O IVA dual diminui defeitos de enquadramento porque cobra alíquota única dos produtos, mas será preciso uma lista bem definida de itens isentos e reduzidos para que emaranhado não se refaça.
Uma das promessas da reforma tributária é simplificar a cobrança de impostos de uma infinidade de produtos e serviços oferecidos ao brasileiro. Do projeto aprovado pela Câmara dos Deputados nesta sexta-feira (7), a principal mudança é a junção de cinco impostos, com suas infinitas regras, em apenas dois.
Apesar de tornar o sistema mais simples e intuitivo, a primeira etapa não exclui o risco de uma “guerra” entre os produtores para o melhor enquadramento dos seus produtos.
Esse processo deve vir em seguida, por meio de uma lei complementar, que dará especificação às novas regras e definirá quais produtos entram em cada uma de quatro categorias:
- Produtos isentos;
- Produtos incentivados, tributados em 60% da alíquota geral;
- Produtos comuns, tributados pela alíquota geral;
- Produtos penalizados por imposto seletivo, ou “imposto do pecado”, tributados acima da alíquota geral.
É nesta divisão que surgirá uma nova romaria de produtores a Brasília para colocar seu produto na divisão mais vantajosa. Uma das brigas que deve exemplificar com perfeição os próximos meses é a do setor de vinhos.
Em uma porção de países produtores, a bebida é enquadrada em divisões especiais — até como alimento — e reconhecida por seus benefícios à saúde em caso de consumo moderado. Fosse esse o caso no Brasil, em vez de penalizado, o mercado de vinhos seria favorecido na divisão tributária.
Mas os produtores não têm a esperança de balizar o regime tributário de países como Portugal, que cobra 13% em vinhos enquanto tem IVA geral de 23%. O temor é que a bebida entre na ponta oposta da lista, no tal “imposto do pecado”, por conta do seu teor de álcool.

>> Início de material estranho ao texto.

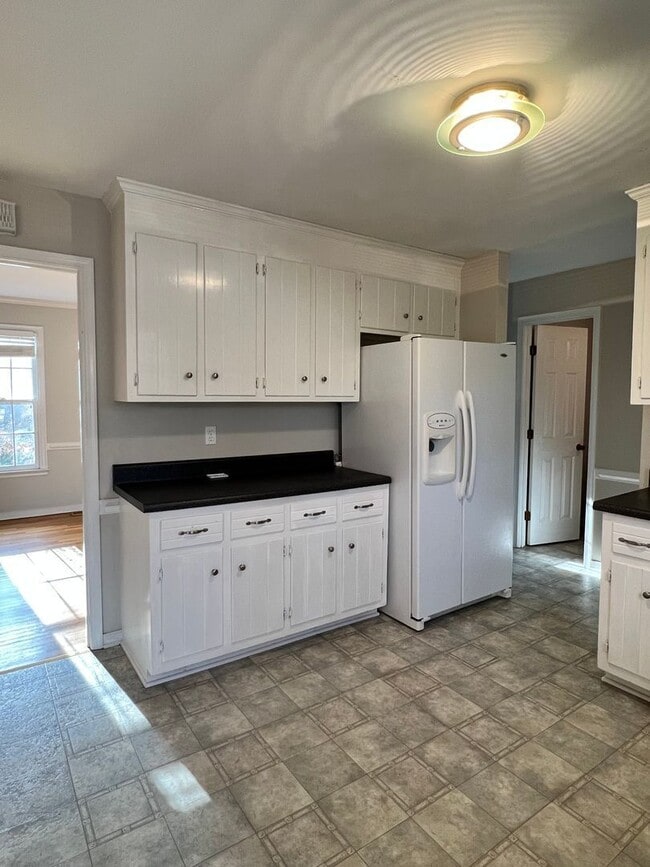 Building Photo - 2508 Crosstimbers Terrace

Segundo o texto da proposta de emenda à Constituição aprovado pelos deputados, o imposto seletivo penalizará produtos que fazem mal à saúde ou meio ambiente. Novamente: quem definirá essa lista é a lei complementar que virá a seguir.

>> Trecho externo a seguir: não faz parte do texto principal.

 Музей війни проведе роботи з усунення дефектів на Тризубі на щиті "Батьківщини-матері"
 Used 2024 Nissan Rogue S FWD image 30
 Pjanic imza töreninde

“Nosso principal temor é que o vinho seja penalizado, e perca mais competitividade com os importados. Nem pretendemos entrar em categoria alimentar, mas na alíquota normal”, diz Daniel Panizzi, presidente da União Brasileira de Vitivinicultura (Uvibra).
“O aumento de imposto ia gerar aumento do descaminho [contrabando]. O vinho é uma bebida cultural, com estudos que comprovam benefícios à saúde”, afirma.
Menos distorções?
Ao menos um aspecto é certo: o novo IVA dual elimina a maior parte das distorções malucas do sistema tributário brasileiro que ganharam notoriedade nos últimos anos.

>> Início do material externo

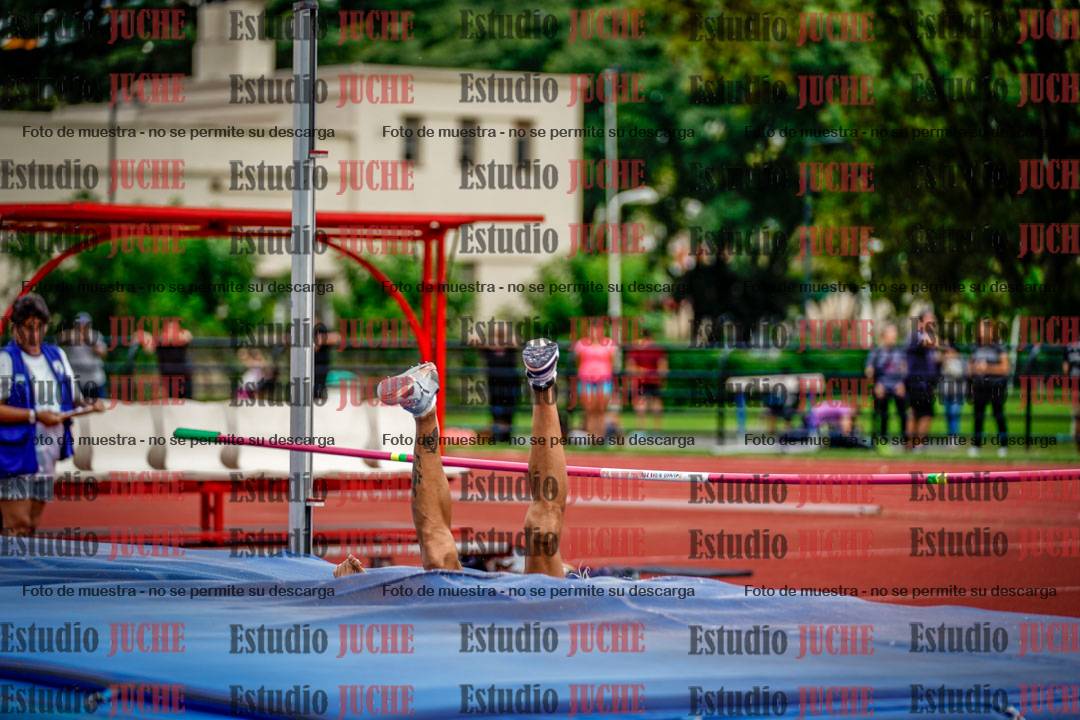 Fotos del salto en alto de mujeres y varones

É o caso da “sobremesa láctea” das principais redes de fast food do país, chamadas assim para driblar os impostos do sorvete.
É um “gol de mão” para mudar a base de cálculo do tributo federal: o sorvete, propriamente dito, paga 9,25% de PIS e Cofins, enquanto a sobremesa láctea está isenta. Com um imposto unificado — seja bombom de chocolate ou “waffer”, perfume ou “água de colônia” — o tributo cobrado será o mesmo.
Mas uma parte relevante dos itens estará sujeito à interpretação ao fechar o texto da lei complementar. Assim como o vinho, que pode ser encarado como alimento ou bebida alcóolica, há outros exemplos duvidosos.
Enquadramento do sistema tributário permite distorções que a reforma promete encerrar — Foto: Arte g1
Os defensivos agrícolas podem, em tese, entrar em duas categorias: a de insumo agrícola ou a de itens que prejudiquem a saúde e meio ambiente.
Já refrigerantes e bebidas açucaradas também caem na ambiguidade de estarem no grupo alimentação e no de produtos prejudiciais à saúde. No exterior, inclusive, há países como México e Chile que já adotaram o “sugar tax” (ou imposto do açúcar) para penalizar itens ricos na substância, já que seu consumo traz malefícios.
“Uma das críticas à tramitação da reforma, inclusive, é a quantidade de matérias que ficaram pendentes de definição na lei complementar”, diz Maurício Barros, advogado tributarista e sócio do Demarest.
O especialista lembra que, no sistema tributário atual, cada um dos estados têm uma lista de reduções de alíquotas e bases de cálculo para o ICMS. Em geral, ela deveria ser definida por convenção do Conselho Nacional de Política Fazendária (Confaz), mas há muitos dribles e reduções regionais, de acordo com interesses econômicos ou culturais.
O que mudaria, agora, é que haverá uma só lista, o que impede a chamada “guerra fiscal” — incentivos dados entre um estado em relação a outro para atrair investimentos empresariais.
“A lei complementar vai precisar discriminar com clareza quais são os produtos incentivados, e não pode dar liberdade a estados e municípios tenham regulamentos diferentes entre si”, afirma Barros.
Para Fábio Lunardini, advogado tributarista do Peixoto & Cury Advogados, ainda é cedo para antecipar se — e quanto — o novo tributo vai impactar esses produtos da “zona cinzenta” da categorização.
“O vinho, por exemplo, sofre com restrições dadas a produtos alcoólicos em geral, como em anúncios publicitários. Mas paga IPI menor que outras bebidas, como whisky e vodka”, diz Lunardini.
O especialista afirma ainda que o jogo pode mudar dentro da tramitação do Senado Federal. “A força desses grupos pode fazer com que tentem obter esse tratamento na própria Constituição, mesmo que de forma genérica, sem fixar percentuais de alíquota”, afirma.